The study stresses that a large part of the research needed will have to
be carried out in the
developing countries, where the most serious shortages of resources for
food and nutrition exist. Serious
research efforts are also found to be needed at
the international level, in the research network of the
Consultative Group (CGIAR), and in the high-income countries where most
of the relevant scientific resources are found.

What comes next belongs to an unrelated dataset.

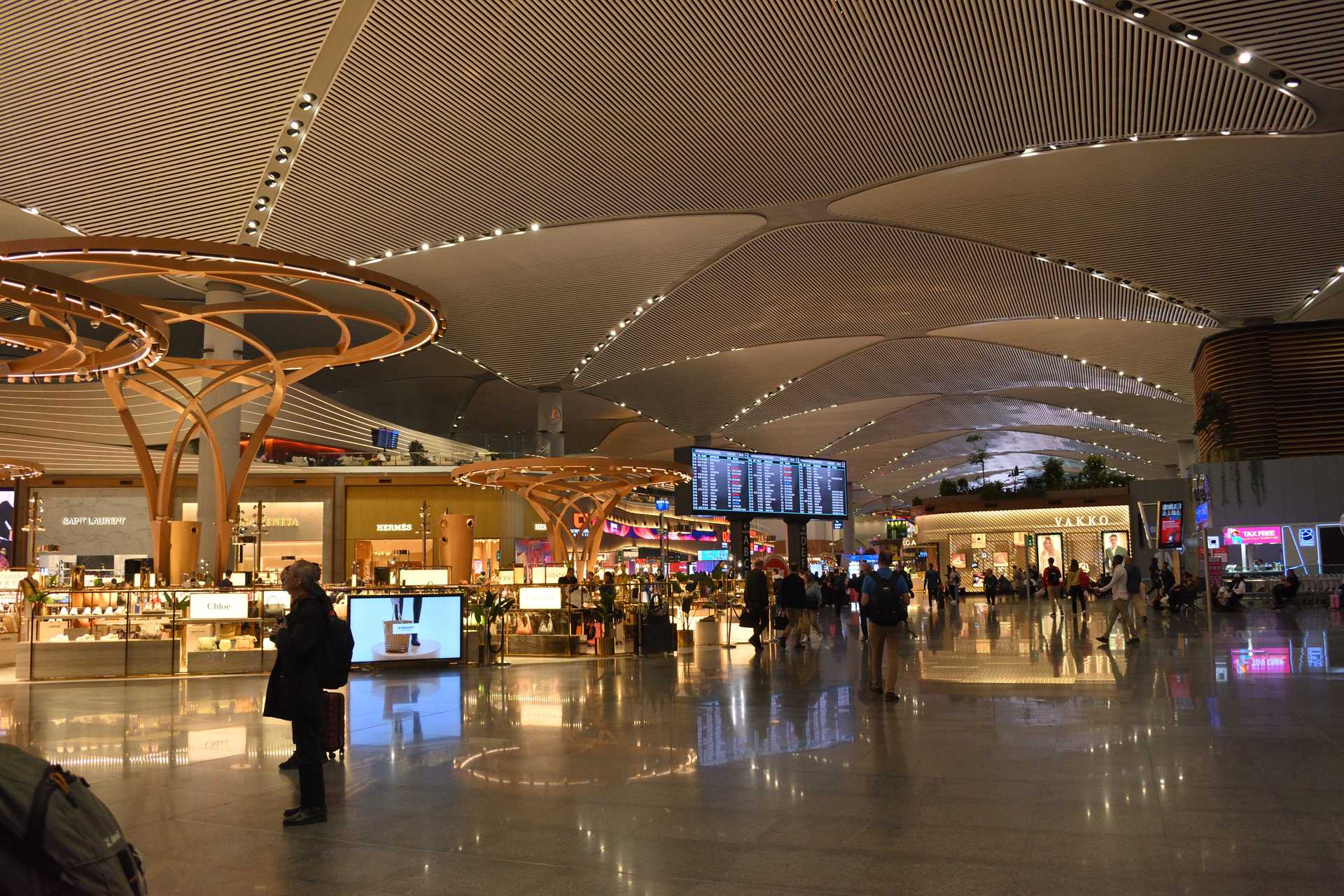 7th Day Istanbul Airport 11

The study suggests that the United States should, when asked by developing countries:
·
train
researchers for the developing countries at U.S. universities and help build training
institutions abroad;
·
help the developing countries establish research facilities
and institutions and apply research
results;
·
encourage and support communication and collaboration among
research workers in the developing countries, in international and
regional institutions, and in the United States, on problems of common
interest.
At the
international level, the study recommends that the United
States:
·
continue to provide 25 percent of the funding for the centers and programs sponsored by the Consultative Group on
International Agricultural
Research;
·
join in supporting other high quality international
centers, both those with
which it is
already involved and others for which it is not
now a major
supporter;
·
move vigorously and imaginatively
to encourage collaborative relationships
between international centers and research groups in the U.S.
In
the United States, the study indicates that:
·
major increases are needed in fundamental research in the natural and social sciences,
particularly in
those areas related to the enhancement of food production and nutrition;
·
a new and broader approach is needed for research on
nutrition;
·
much greater attention needs to be given by the U.S. research community to
international objectives;
·
support for social science research relevant to food and
nutrition should be
increased sharply.
The report goes on to make
specific recommendations to the Department of Agriculture, AID, the
National Institute of Health, and the National Science Foundation,
concluding with the suggestion that arrangements for designing
and implementing a coherent strategy for research on food and nutrition
be established in the
Executive Office of the President.
The
report emphasizes that research and development capacities at all levels are
inadequate to meet the foreseeable challenge to world food supplies in coming years. The final recommendation, that
a coordinating role is needed at the
White House level, recognizes that the problem transcends the capabilities
and responsibilities of any existing
agency.
Despite the shortcomings of
current efforts in the food and
nutrition field, U.S.
institutions are at present in a better position to make meaningful research
contributions in this field than in the other problem areas, for several
reasons:
·
Congress has
authorized, under Title XII, sustained support for building
capacity in American universities to work on international
food and nutrition problems, but not on other development problems.
·
The Land Grant and Sea
Grant universities have had a problem-solving orientation since
they were founded, and many have experience in developing countries.
·
USDA has Congressional authorization to conduct research in
tropical and
subtropical agriculture for the improvement and development of food
production and distribution techniques in developing
countries.
·
An international research network already exists which can identify critical basic
research needs
for action by U.S. facilities.
·
The NAS
study provides a comprehensive set of research, organization and policy
priorities.
In
a sense, the stage has been set for action on food and nutrition, but the script is only in
first draft with respect to
research and training in population, health, education and human development.